- [Problem to solve] An exact restatement of the entire listing is needed, excluding all images.

- [Material provided]
=== Begin Enclosure ===

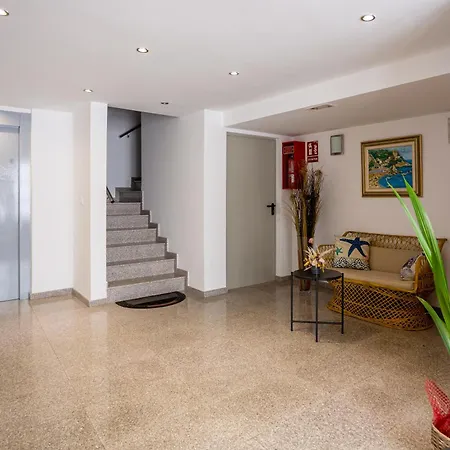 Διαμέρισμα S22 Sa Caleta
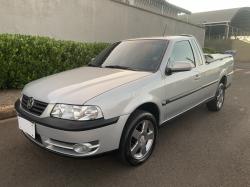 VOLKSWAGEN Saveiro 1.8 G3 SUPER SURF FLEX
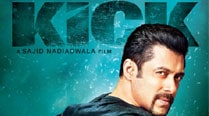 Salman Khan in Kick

=== End Enclosure ===

- [Solution to this task]
 Διαμέρισμα S22 Sa Caleta
 VOLKSWAGEN Saveiro 1.8 G3 SUPER SURF FLEX
 Salman Khan in Kick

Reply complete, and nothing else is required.